Канаш проводил холодом. Москва встретила то ли дождем, то ли снегом. Ветер. В вокзальном кафе две молодые мусульманки в грозно надвинутых на брови платках агрессивно поедают пирожки. Ларек – «Завтра», «Литературка», «Новая газета», а «Совраску» уже читал. Маленькое красное «Пежо». Везет некто В. (приятная седая борода) – приятель С.С. Приятель В. (машина медленно тащится вдоль площади Сахарова) вспоминает про Болотную и Сахарова. Тепло вспоминает. Говорит - не было ничего слышно из-за плохой аппаратуры. Погода озверела – хлещет холодными струями, по-хулигански, с оттяжечкой, сечет огромными снежными хлопьями. Политехнический (С.С. тут же решил посмотреть «поэтический зал»). Старая площадь. Покинувшая сей мир гостиница «Россия». Церковки-грибочки. Кутузовский. Приятель В. и собаковод С.С. уехали за псовым радиопередатчиком (попросил пошире, чтобы пришелся и к моей шее – вдруг потеряюсь). Конная статуя Кутузова Томского (с его внуком учился в одном классе). А панорама не работает (отчего-то выходной в пятницу). Бронзовые пушки (кажется, что слышен их хищный рев). Домик в Филях – закрыт. Маленькая красная церковь открыта. Золото. Ладан. 1912 г. Поп басом служит молебен (как раз время – мусульмане на Казанском). Тонко подвывают двое – лысый и бледная девица. Девки с юга, в платках - покрепче будут. На весь храм четыре старухи.

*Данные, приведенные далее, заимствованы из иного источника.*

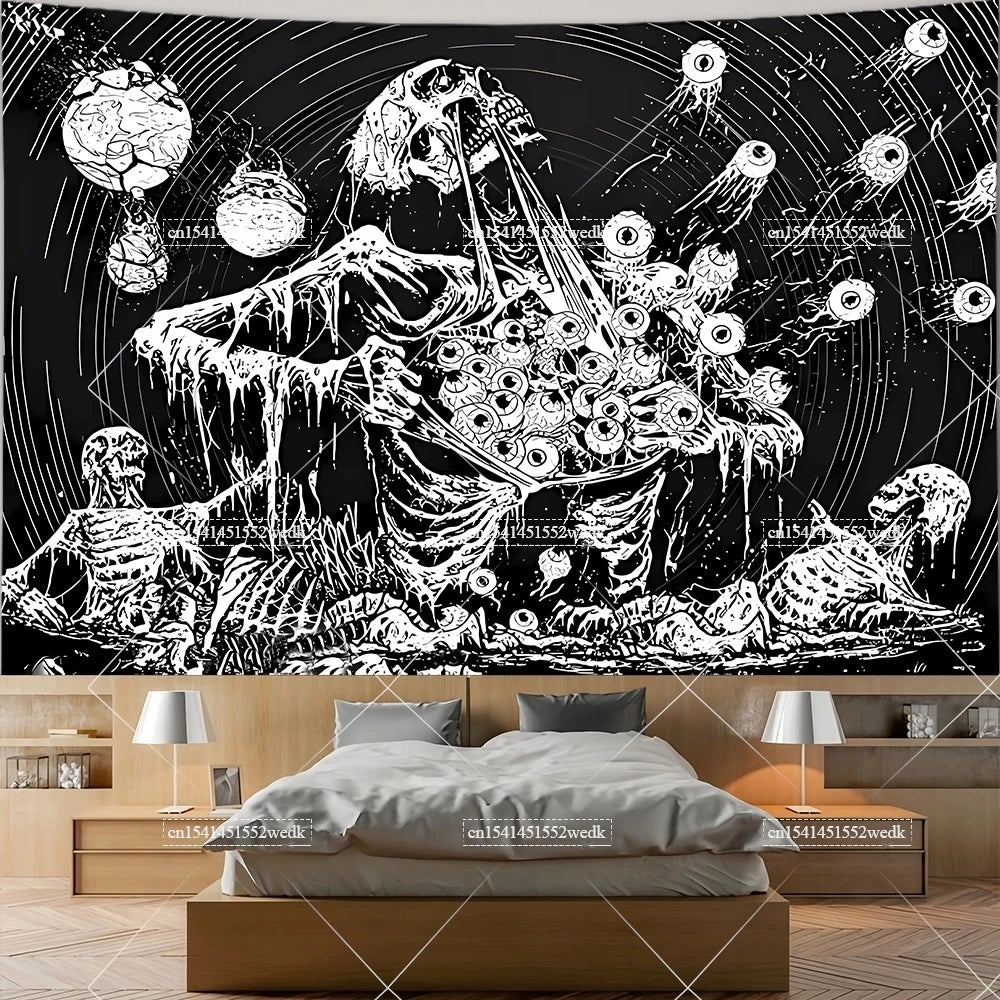 The Lovers Skull Tapestry - Black and White Tarot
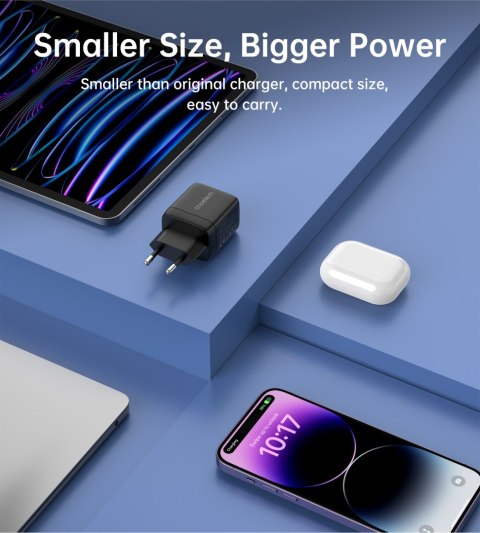 Mała mocna ładowarka sieciowa GaN USB-A USB-C PD 35W z wyświetlaczem czarna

У Триумфальной арки один. Дождя больше, чем снега. Почти сдувает в проем арки. Мысленно хватаюсь за копье воина. Воин – русский и абсолютно черный.
Метро «Парк Победы». Все забито, то ли узбеками, то ли таджиками. Разговаривают гортанно, громко. Бесстыже лопочут (как немцы-туристы) на своем. Скоро не будет ни нас, ни немцев-туристов. (А Россия и Германия?). Отдельно – говорливые в темно-синих, с золотой оторочкой восточных халатах. Халаты стеганые. Узбекам-таджикам тепло. Ураза Байрам.
Музей Великой войны. Поклонная гора. 95 год. Лужок на майские, в 92, приказал лупить гориллам-омоновцам ветеранов войны дубинками за то, что шли под красными флагами. В 95 – разрешил завершить грандиозный комплекс. Странное ощущение. Как от нового Храма Христа спасителя – монолитная чернильница. Никаких большевиков. Идейная база: православие (внутри церковь хороша), синагога и мечеть. Все в церетельевщине – Георгий-Победоносец и кукольные (но огромные) всадники с гламурными трубами.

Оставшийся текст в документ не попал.